In its purest form, to be a teacher is a privelege, a gift. It is because of what the kids bring. It is their eyes, mind, and heart that make being in the classroom, the one best, most true place to spend one’s workday. It never ceases to amaze me that with my strict work policies, and high expectations for behavior, even those that have crossed the line and had consequences dealt their way, still love school, and remarkably stll think I am a pretty great guy to be around. What is it in the adult world that irons this out of us. What teaches us to judge every situtation and stranger with a skeptical eye instead of the smiling goodwill of a ten year old’s overflowing heart.
Maybe this is why I love Tilly & the Wall’s “Nights of the Living Dead” so incredibly. The song celebrates what it means to be young with such immediacy and power it resonates far beyond the average pop song. “Nights” is a promise, a vow to not let a moment pass without calling it one’s own and cherishing whatever follows. Carpe Dium of course, and all that jazz - but it is true, we take on layers of armor for what we consider adulthood, and learn through practice how to stifle our heart’s most natural instincts which are usually kind and welcoming. Why?

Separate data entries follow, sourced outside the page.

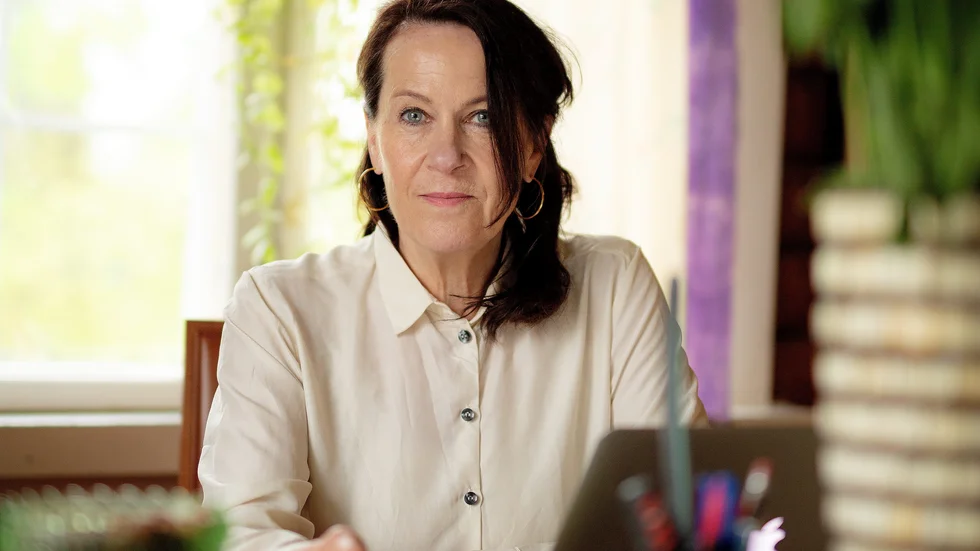 Vigdis Hjorth (född 1959) är en norsk författare med 30 utgivna böcker bakom sig. Hon fick häromåret sitt stora genombrott med boken "Arv och miljö".
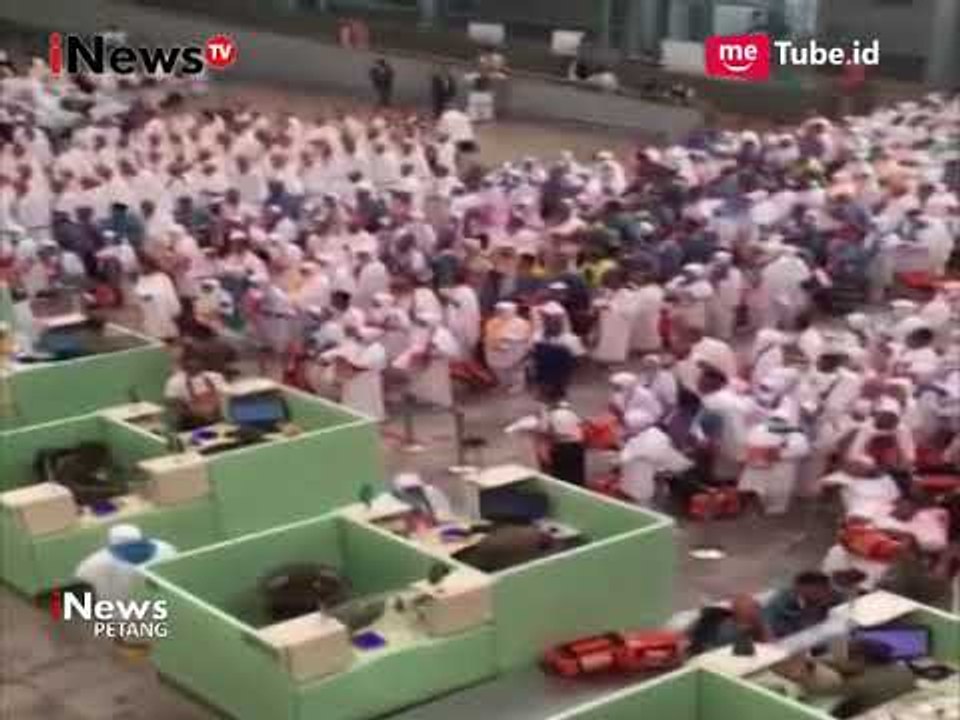 Viral! Jamaah Haji Indonesia Mengantri di Imigrasi Arab Sambil Bershalawat - iNews Petang 22/08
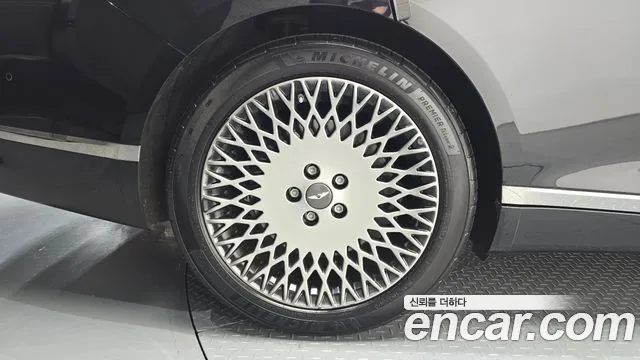 Genesis G80 Бензин 2.5 турбо AWD — Фото автомобиля 5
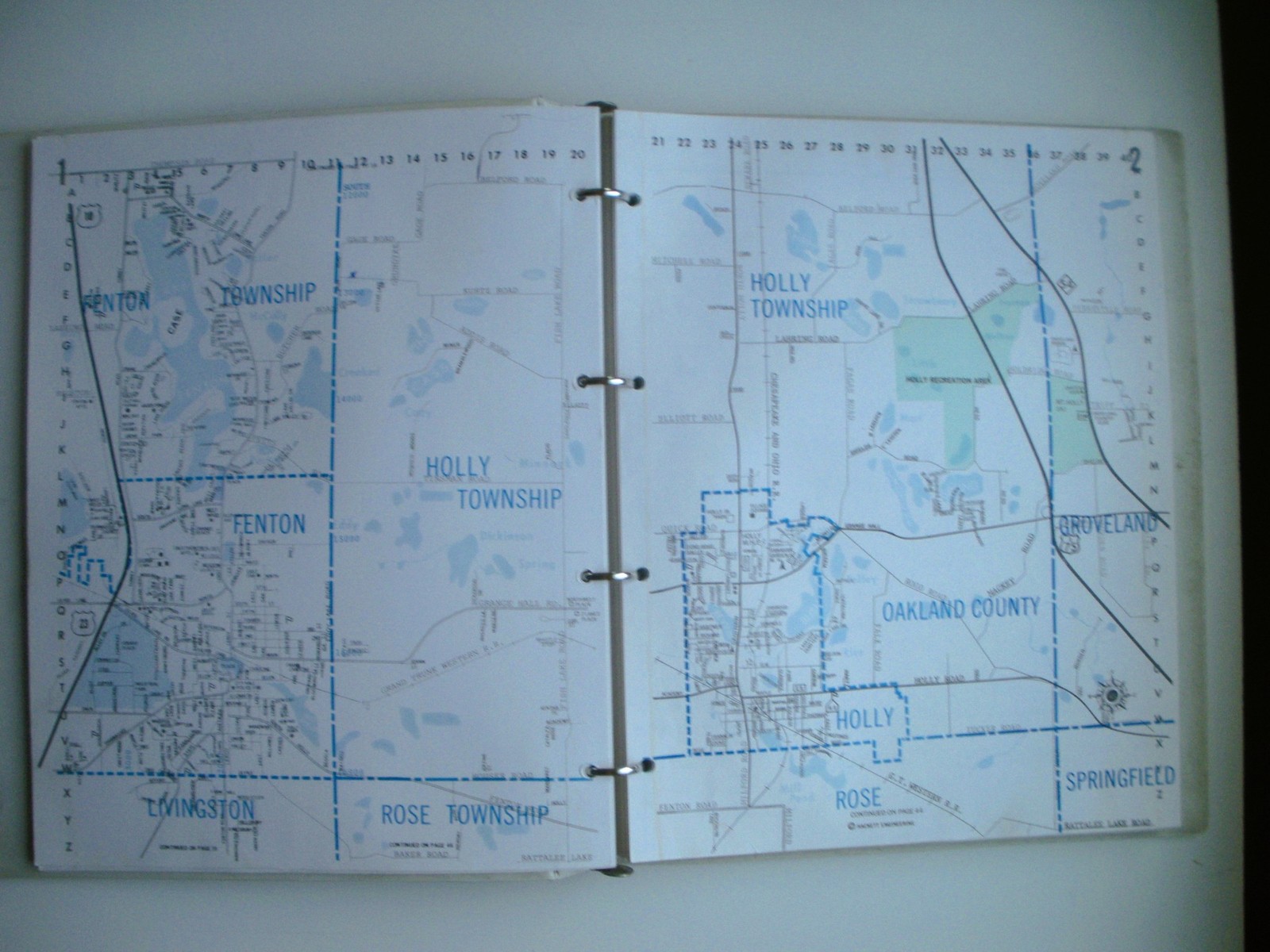 Michigan GREATER COUNTY BOOK MAP – 1998 Oakland & Genesee with 110 pages of Maps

The words, the melody - the entire construction of the song recall the limitless possibility of youth. The first part of the song paints an exuberant picture of a teenager’s friday night in the city. Aimless, with friends, drifting wherever the mood, and wine command. The latter half of the song warns of the dangers of becoming complicit and essentially ‘lining’ up on a great ‘black highway’ to face our own mortality; forgetting all the joys, all the time, because afterall, we have lives, responsibilities, and are clearly adults. We know what is expected of us.
The end of the song gives me goosebumps every single time I hear it. This is saying alot, since I have listened to this song probably over 10,000 times already. Over cheerful acoustic strums, and tapdanced percussion, the band sings, “I want to fuck it up! I want to fuck it up.” Which in turn, leads into the one emotion that could follow such a bold proclamation; “And I feel so alive . . . I feel so goddamn real!”
We built this city on rock and roll. So let’s tear it all down to build it all up again because rock and roll was never powered by skeptics, but by dreamers. Much like any ten year old fifth grade student.
Too bad I can’t play my students Tilly & the Wall’s “Nights of the Living Dead” because of numerous swear words bellowed with gusto. If the lyrics escaped their young minds, surely they’d find the feeling.